К вечеру 21 апреля беспорядки в Петрограде пошли на спад из-за недостатка народной поддержки: демонстранты, выступавшие за правительство, оказались в такой же мере воинственными и гораздо более многочисленными, чем сторонники большевиков. В Москве большевистские выступления продолжались и в течение следующего дня и закончились тем, что разъяренная толпа окружила демонстрантов и вырвала у них антиправительственные лозунги.
Как только стало понятно, что путч провалился, большевики сняли с себя всякую ответственность за него. 22 апреля Центральный Комитет принял резолюцию, в которой говорилось, что «мелкобуржуазные массы» после некоторого колебания выступили на стороне «капиталистических» сил; антиправительственные лозунги были осуждены как преждевременные. Перед партией ставилась задача вести разъяснительную работу среди народа относительно истинной сущности правительства. Следовало подчиняться распоряжениям Совета и не выходить на демонстрации. Резолюция, автором которой был, по всей видимости, Каменев, означала для Ленина, которого он назвал «авантюристом», полное поражение. В нескладной попытке защититься Ленин свалил вину за антиправительственный дух демонстраций на Петроградский комитет, обвинив его в непредусмотрительности. Но, защищаясь таким образом, он невольно приоткрыл свои истинные намерения: «Это была попытка прибегнуть к насильственным мерам. Мы не знали, сильно ли масса в этот тревожный момент колебнулась в нашу сторону… Мы желали произвести только мирную разведку сил, но не давать сражения»70. Как увязать признание в том, что апрельские восстание были «попыткой прибегнуть к насильственным мерам», с заявлением, что они были задуманы как «мирная разведка», Ленин не объяснил. [Американский историк А.Рабинович, принимающий тезис большевиков о том, что апрельские демонстрации имели мирный характер, вынужден был, чтобы избежать противоречия, выпустить слова о «насильственных мерах», цитируя приводимый нами отрывок из Ленина (см.: Prelude to Revolution.
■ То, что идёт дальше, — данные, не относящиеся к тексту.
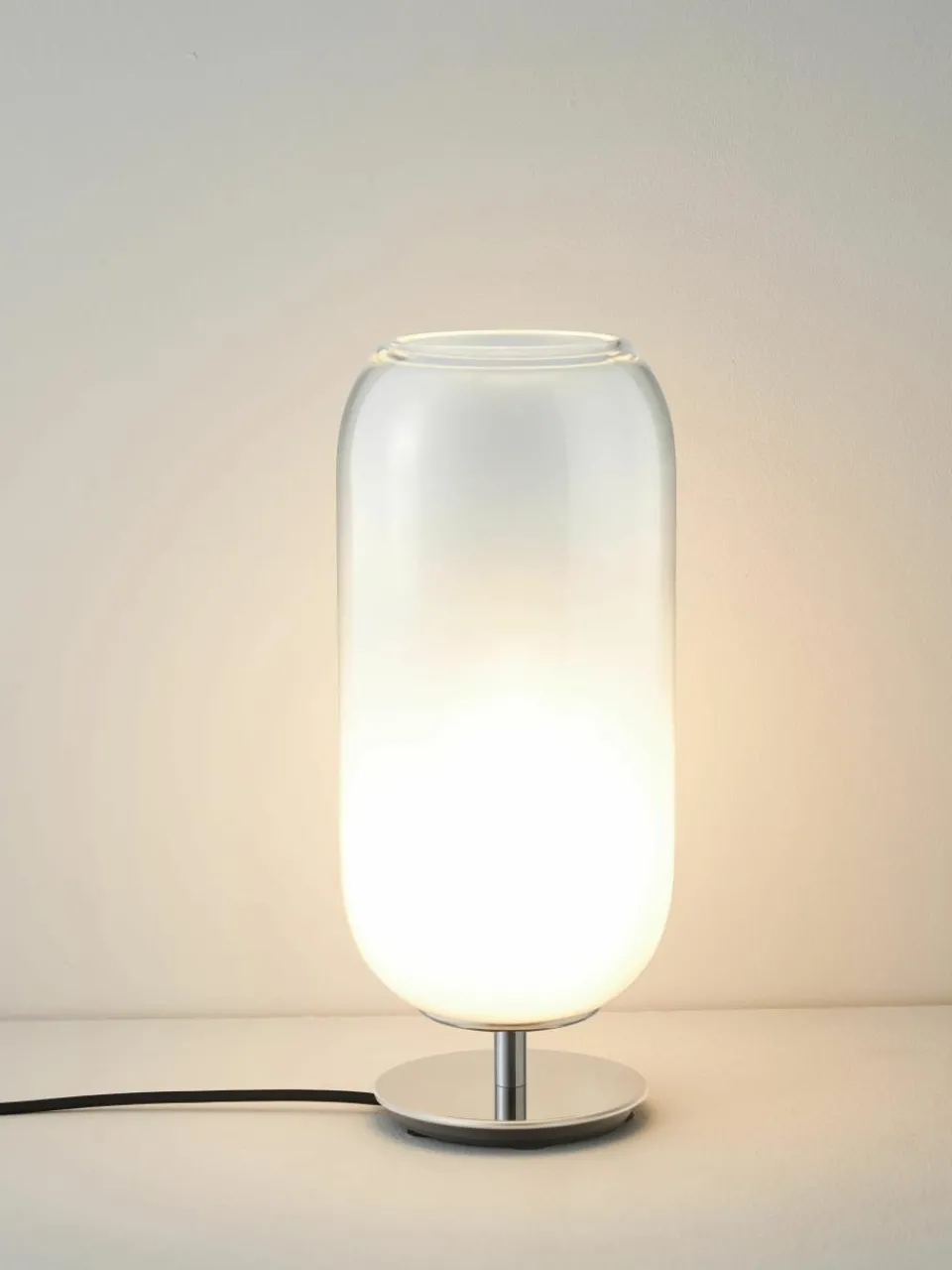 Mondgeblazen tafellamp Gople, in verschillende formaten^Artemide Fashion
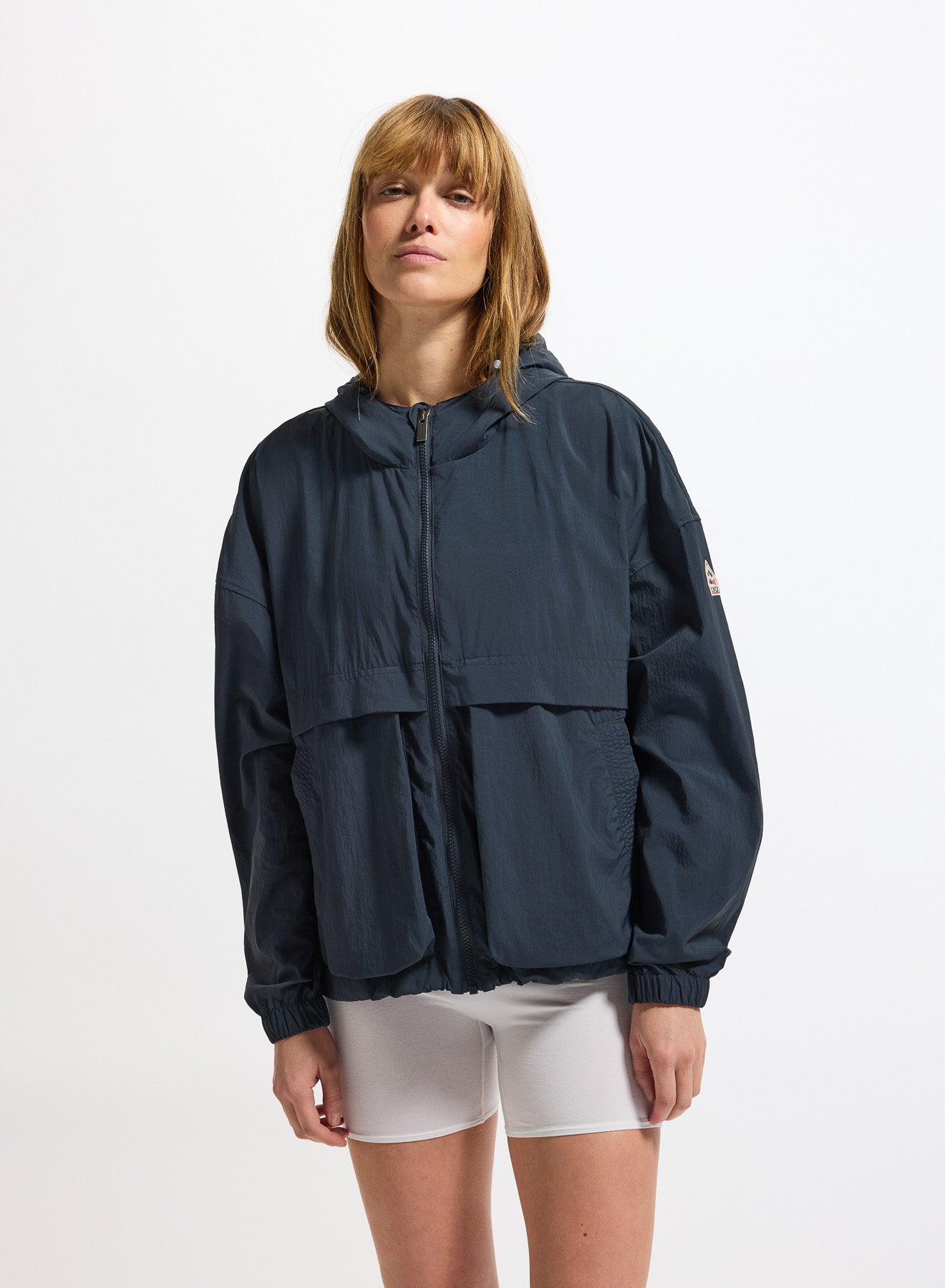 pyrenex-yoko-coupe-vent-court-femme-en-tissu-recycl-deep-ink image 5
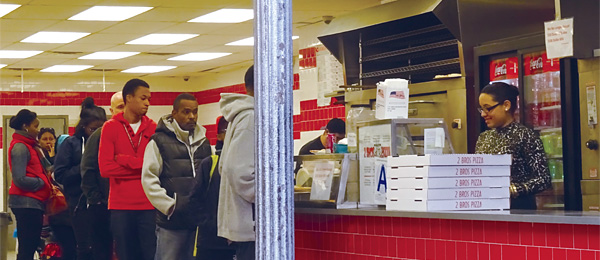 맨해튼에서 가장 많은 손님이 찾는 피자집 ‘2브로스’에 손님들이 길게 줄을 서 있다.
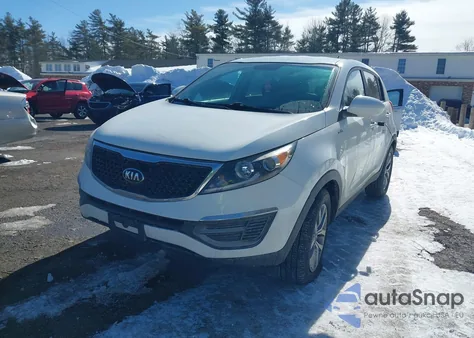 2016 Kia Sportage Lx z USA, uszkodzony, nr VIN KNDPBCAC1G7849364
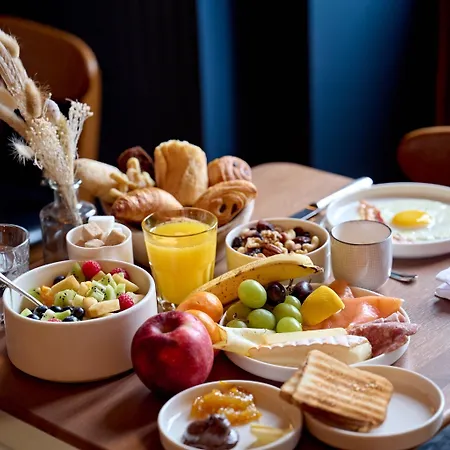 La Malle Poste Otel 3*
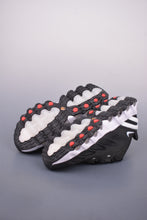 Cargar imagen en el visor de la galería, Air Max Dn8 Black and White FQ7860-037
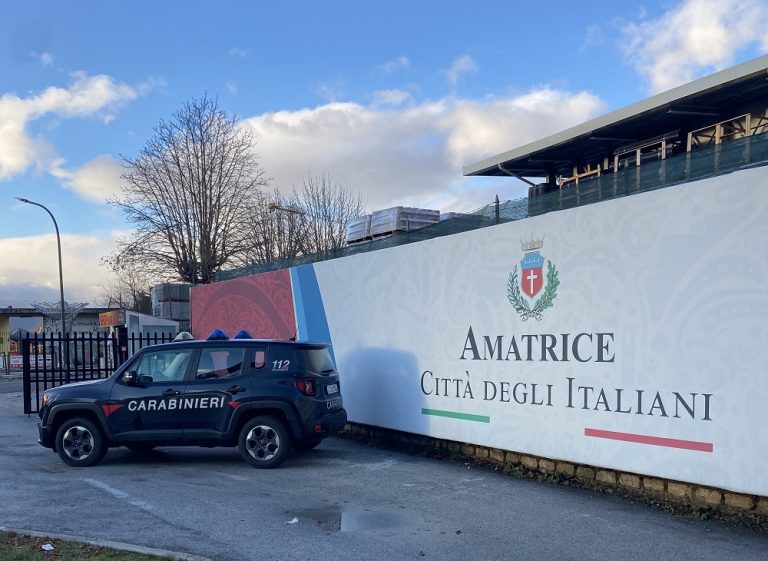 Carabinieri di Amatrice arrestano 24enne del luogo per rapina, resistenza a pubblico ufficiale e possesso di oggetti atti ad offendere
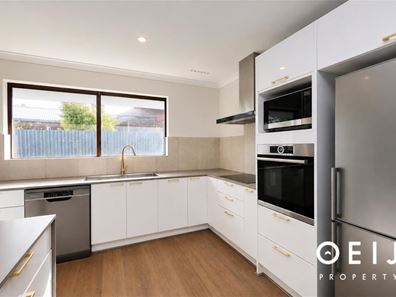 16 More Crescent, Bull Creek WA 6149
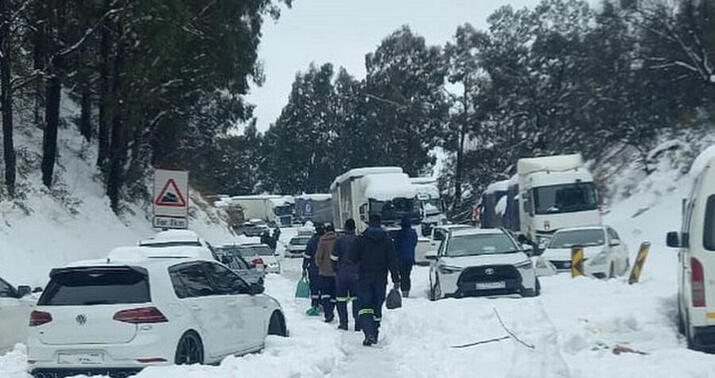 Afrikada güclü qar yağdı -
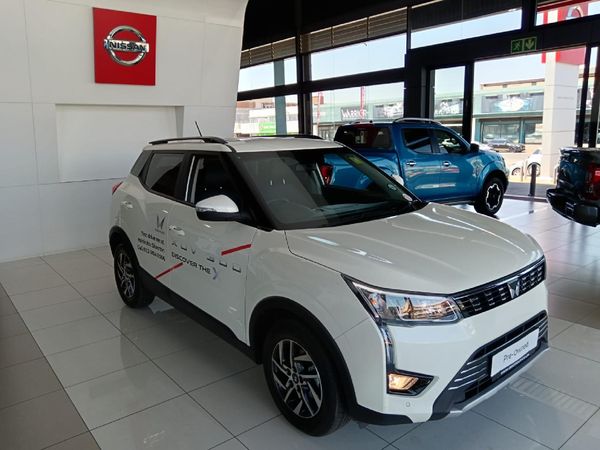 2025-Mahindra-XUV-300-12T-W8 image:1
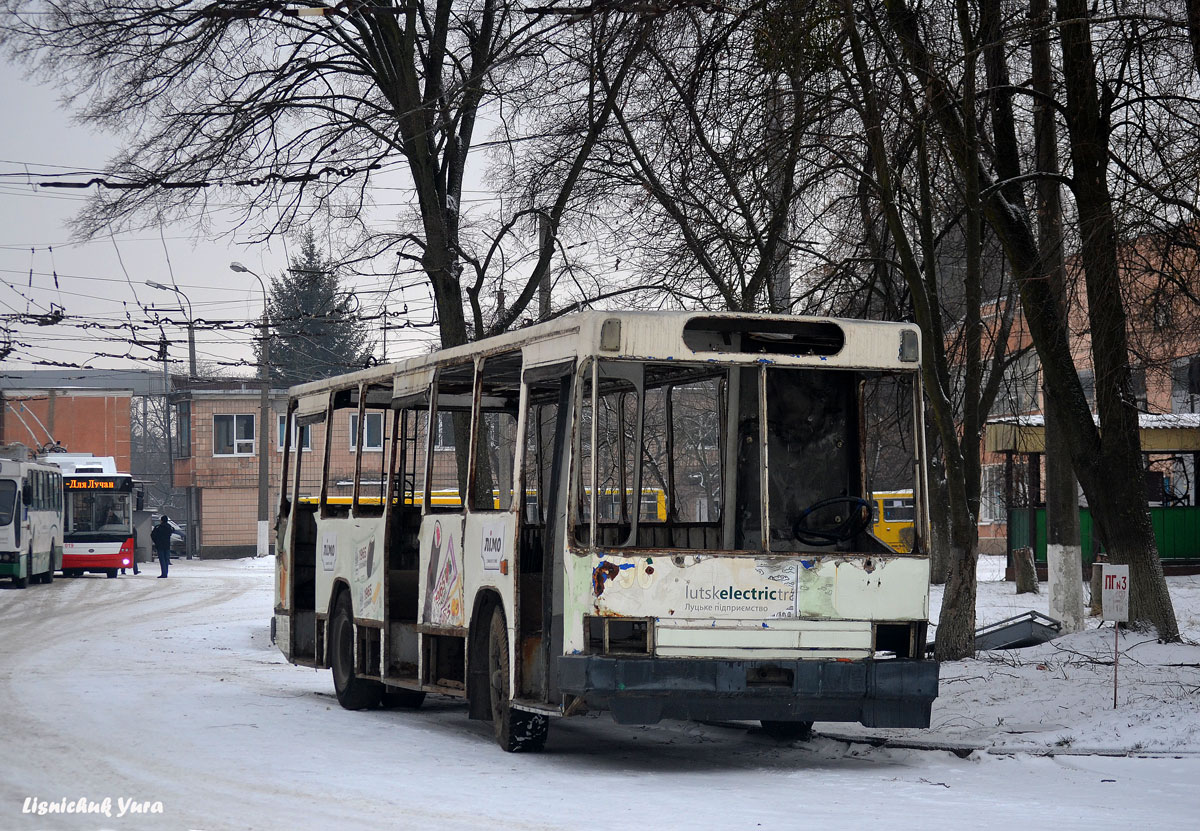 Луцк, ЮМЗ Т2 № 196 Луцк, ЮМЗ Т2 № 196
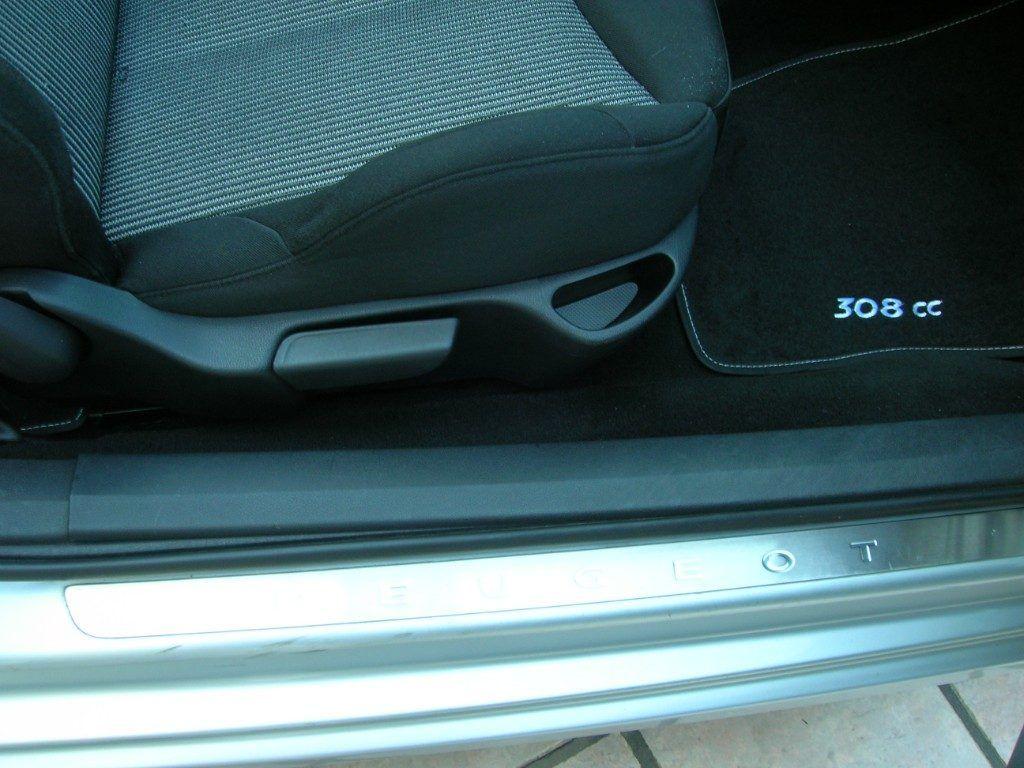 Peugeot 308 1.6 HDi 112CV CC Féline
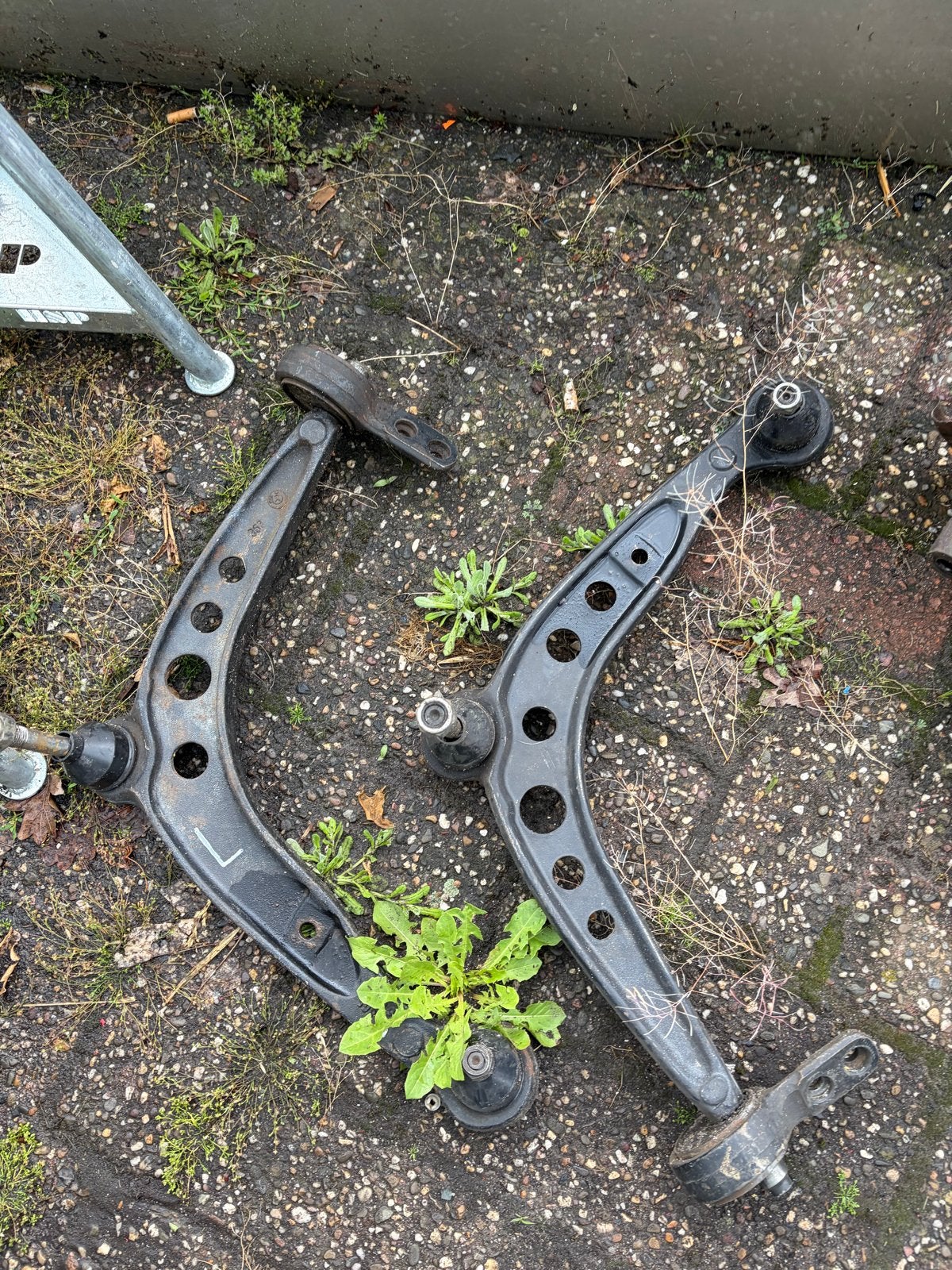 Draagarmen voor BMW 325i E30 - Gebruikt, Ophalen of Verzenden, Gebruikt, BMW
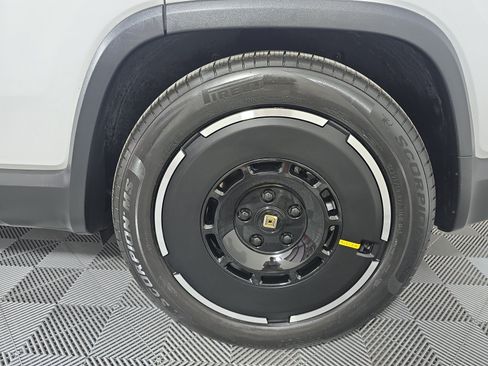 Used 2025 Rivian R1S Adventure AWD/4WD image 10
Bloomington; Lnd., 1968. P. 45).].
Тем временем массы слушались Исполкома и, при его посредничестве, правительства. В этом контексте становится понятно, почему социалистическая интеллигенция выступала против применения силы. Но толпа переменчива, а основным уроком апреля было не то, что слаба партия большевиков, а то, что ни правительство, ни предводители Советов не были готовы выйти сила на силу. Подводя несколько месяцев спустя итоги апрельских дней, Ленин пришел к выводу, что ошибкой большевиков была «недостаточная революционность» их тактики, а это могло означать только одно: им следовало попытаться захватить власть71. Но все же первая разведка боем его сильно воодушевила: по словам Суханова, в апреле «его надежды окрылились»72.
* * *
Апрельские восстания положили начало первому серьезному правительственному кризису. Всего через два месяца после свержения царизма интеллигенция обнаружила, что страна разваливается прямо на глазах, — но в этом нельзя было больше винить ни царя, ни бюрократию. 26 апреля правительство опубликовало слезное воззвание к стране, в котором заявляло, что не может более управлять и хочет привлечь к руководству «представителей тех активных творческих сил страны, которые доселе не принимали прямого и непосредственного участия в управлении государством», то есть социалистическую интеллигенцию73. Исполком, все еще боясь скомпрометировать себя в глазах «масс», 28 мая отверг это предложение правительства74.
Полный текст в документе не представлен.